Whatever means we use to check for ’60s-style vital signs, we can be sure that Garcia’s death has not silenced the loose, noodlin’, easygoing improvisational music that was the Dead’s hallmark. Trade in both “official” and amateur bootlegs of past Dead shows remains brisk. And Dead cover bands are springing up all over the place, like so many … er, mushrooms.

Dead drummer Mickey Hart’s Further Festival — an ongoing cycle of artists who admire the spirit behind Garcia’s music — continues to attract attention. The JGB — otherwise known as the un-dead members of The Jerry Garcia Band — is doing surprisingly well. And bands like Phish and Widespread Panic pay regular homage to Garcia’s mastery by drawing openly from the Dead’s wellspring of spontaneity.

That said, now may be as good a time as any to remember that the Dead didn’t invent improvisation. Decades before they started truckin’, jazz combos were playing atmospherically loose, but technically tight, sets of new and reshaped old tunes — marked by flexible chording and solos (sometimes tortuous) of no preset length — laying down some of the finest flights of fancy on record.

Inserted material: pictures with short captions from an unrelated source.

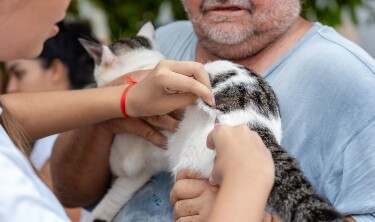 Dia D do "Setembro Caramelo" imuniza mais de 30 mil animais em Porto Velho
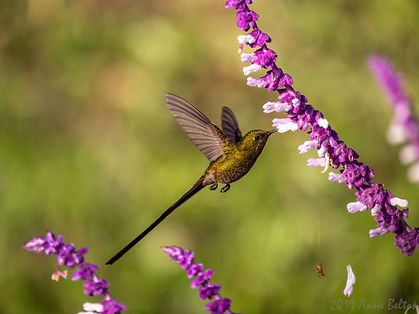 P1528475 Black-tailed Trainbearer-DeNoiseAI-standard.jpg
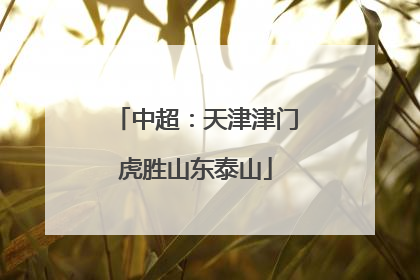 中超：天津津门虎胜山东泰山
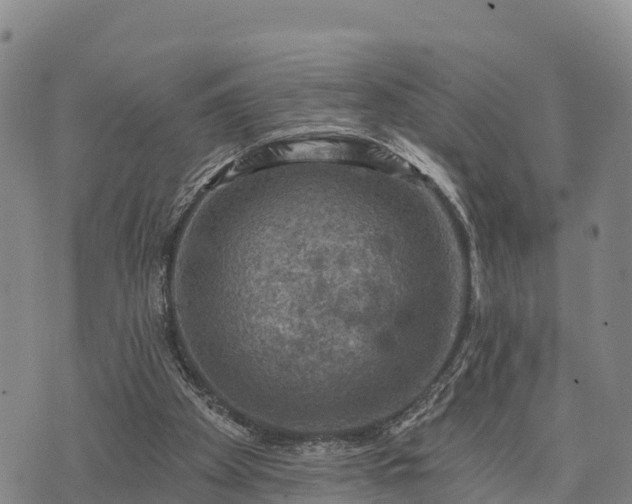 X0000074340105200609011638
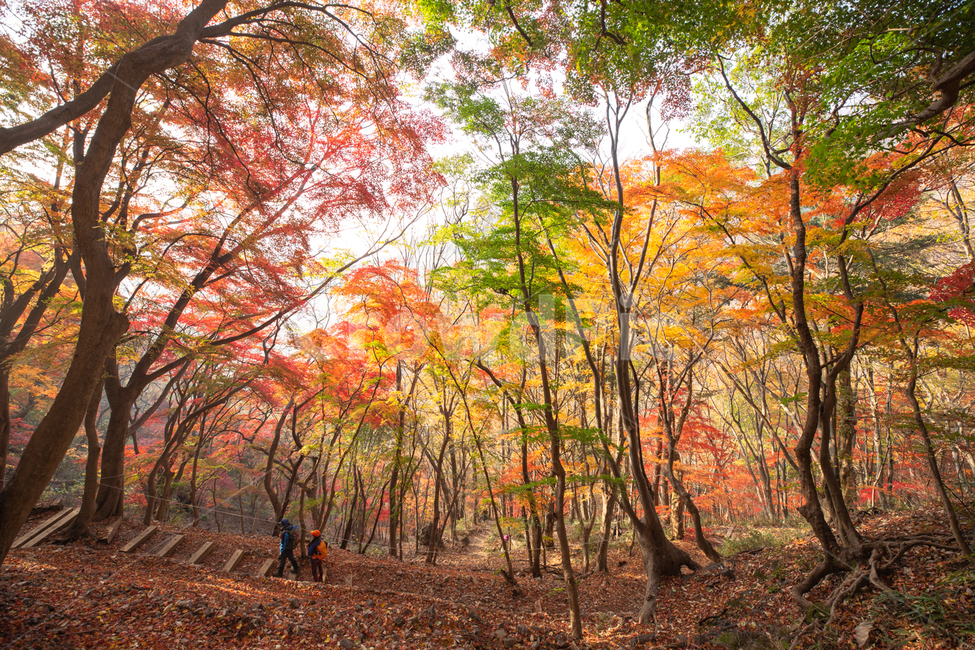 백양사,절,단풍,빛,가을,가을,계절,fall,autumn,season,tree,나무,plant,식물,maple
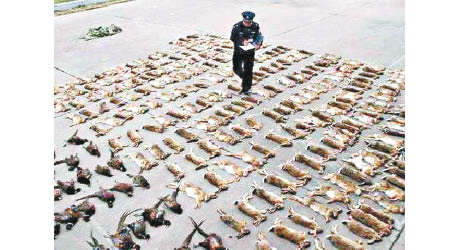北京警方破獲非法獵捕販賣野生動物案。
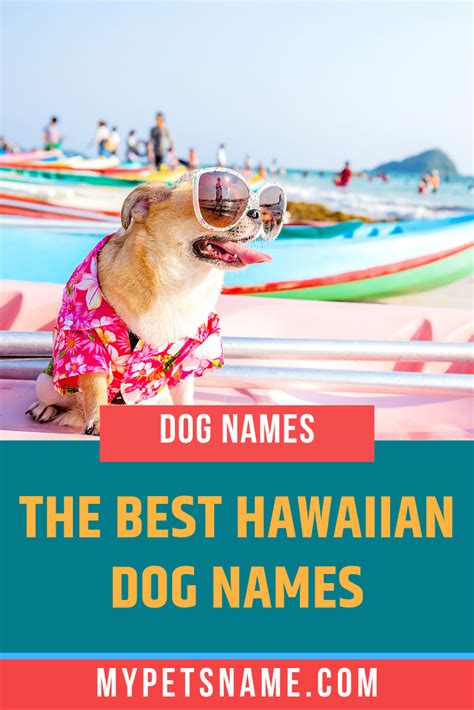 Best Hawaiian Dog Names Hawaiian Dog Names Dog Names Best Dog Names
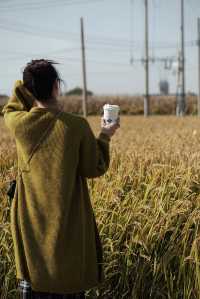 在「稻田咖啡」，體驗到別樣的寧靜與愜意。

But the Dead had a genius for translating those fluid melodic lines — so associated with intimate venues — to a stadium setting. So it may come as no surprise to generous — or is it cynical? — souls that a quartet of reigning jazz and fusion artists has gotten together to tap into that popular vein and see where it leads.

Drummer Billy Cobham’s technically brilliant and powerful work with the influential proto-fusion band Dreams, and later with Miles Davis (on eight albums, including the seminal Bitches Brew) and The Mahavishnu Orchestra, pretty much set the standard for modern jazz, art-rock and fusion drumming. Jimmy Herring, the most rock-influenced of the quartet, is a guitar god to fans of neo-hippie music, jamming with the likes of Phish, Blues Traveler and Bruce Hornsby on the H.O.R.D.E. tour. Alphonso Johnson has played bass and Chapman Stick (a 10-string electronic touchboard) with such kingpins as Weather Report, Chuck Mangione, Quincy Jones, George Duke, Lee Ritenour and Sarah Vaughan. Keyboardist T. Lavitz, co-founder of the legendary Dixie Dregs, was voted Best New Talent in 1981 by Keyboard — and, in 1992, won the magazine’s coveted Jazz Keyboard Player of the Year award. It’s said that Jerry had an especial love for T’s playing: When Dead keyboardist Brent Mydland overdosed, only T’s lack of vocal capability kept him from stepping in.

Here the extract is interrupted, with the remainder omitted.